In this study, researchers focused on palmitoylation, a process where enzymes load lipids onto proteins within EVs. Palmitoylation can affect where proteins are located within cells, their activities and their contribution to cancer progression. The process is frequently altered in various diseases, including cancer. But technical challenges—including low levels of palmitoyl protein, challenges in enriching them, and others— have thus stymied palmitoylation profiling and its further understanding its biological role within EVs.
To learn more about the palmitoylation signature within EVs, the investigators examined small and large EVs in samples of human prostate cancer cells. They developed a new technique that uses a metabolic labelling-independent, cysteine centric approach, known as low-background acyl-biotinyl exchange (LB-ABE), to identify specific palmitoyl-proteomic signatures in highly purified EVs isolated by density gradient. Because most abundant proteins are not palmitoylated, the LB-ABE may be useful for removing them from biofluids.
After sequestering the EVs via LB-ABE and centrifugation, the research team studied palmitoylation levels within the vesicles as well as the types of proteins within the vesicles and compared them with levels found in cells.
They found 97 palmitoyl-proteins were detected only in EVs, with 66 unique to L-EVs, 7 unique to S-EVs, and 24 common to both EV types. Further, EVs from the cancer cells contained palmitoylated proteins that are associated with the spread of cancer and 92 prostate cancer-specific/enriched genes. Specifically, they found STEAP1, STEAP2, and ABCC4 to be prostate cancer-specific palmitoylated proteins found in large quantities within both large and small EVs. When palymitoylation was chemically suppressed, the amounts of these proteins dropped.
This study suggests an important role of palmitoylation in the sorting of cargo to different EV populations that would be missed if only the native protein is investigated and could be useful for cancer detection via liquid biopsy.

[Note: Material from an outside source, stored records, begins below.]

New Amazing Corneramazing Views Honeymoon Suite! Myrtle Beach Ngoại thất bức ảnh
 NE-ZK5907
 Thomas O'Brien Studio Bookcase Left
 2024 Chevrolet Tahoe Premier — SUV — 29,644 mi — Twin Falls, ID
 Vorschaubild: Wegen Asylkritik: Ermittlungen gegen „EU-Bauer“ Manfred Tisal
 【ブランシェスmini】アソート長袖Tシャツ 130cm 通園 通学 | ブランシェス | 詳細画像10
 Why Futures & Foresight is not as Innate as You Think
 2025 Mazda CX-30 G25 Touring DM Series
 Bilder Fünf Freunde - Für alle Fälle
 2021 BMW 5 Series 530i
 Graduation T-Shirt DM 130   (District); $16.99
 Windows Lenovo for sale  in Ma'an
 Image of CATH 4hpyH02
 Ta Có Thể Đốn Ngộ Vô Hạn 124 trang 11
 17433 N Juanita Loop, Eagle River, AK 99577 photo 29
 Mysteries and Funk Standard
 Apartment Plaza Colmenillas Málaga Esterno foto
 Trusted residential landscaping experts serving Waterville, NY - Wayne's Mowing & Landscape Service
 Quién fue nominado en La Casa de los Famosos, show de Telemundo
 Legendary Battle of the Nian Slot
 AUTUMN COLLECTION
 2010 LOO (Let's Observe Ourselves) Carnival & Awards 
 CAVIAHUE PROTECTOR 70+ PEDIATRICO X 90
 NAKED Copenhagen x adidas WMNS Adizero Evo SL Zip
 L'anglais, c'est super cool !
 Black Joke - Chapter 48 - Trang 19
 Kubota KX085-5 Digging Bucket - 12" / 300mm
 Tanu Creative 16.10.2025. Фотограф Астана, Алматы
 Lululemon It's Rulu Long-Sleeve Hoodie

“Our results suggest that protein palmitoylation may be involved in the selective packaging of proteins to different extracellular vesicle populations in the body,” said co-corresponding author of the study Dolores Di Vizio, MD, PhD, at Cedars-Sinai. “This finding raises the possibility that by examining these proteins in extracellular vesicles in the bloodstream, we may be able to detect and characterize cancer in a patient in the future without performing a surgical biopsy.”
.The team plans on further study with the goal of identifying clinically significant prostate cancer at diagnosis.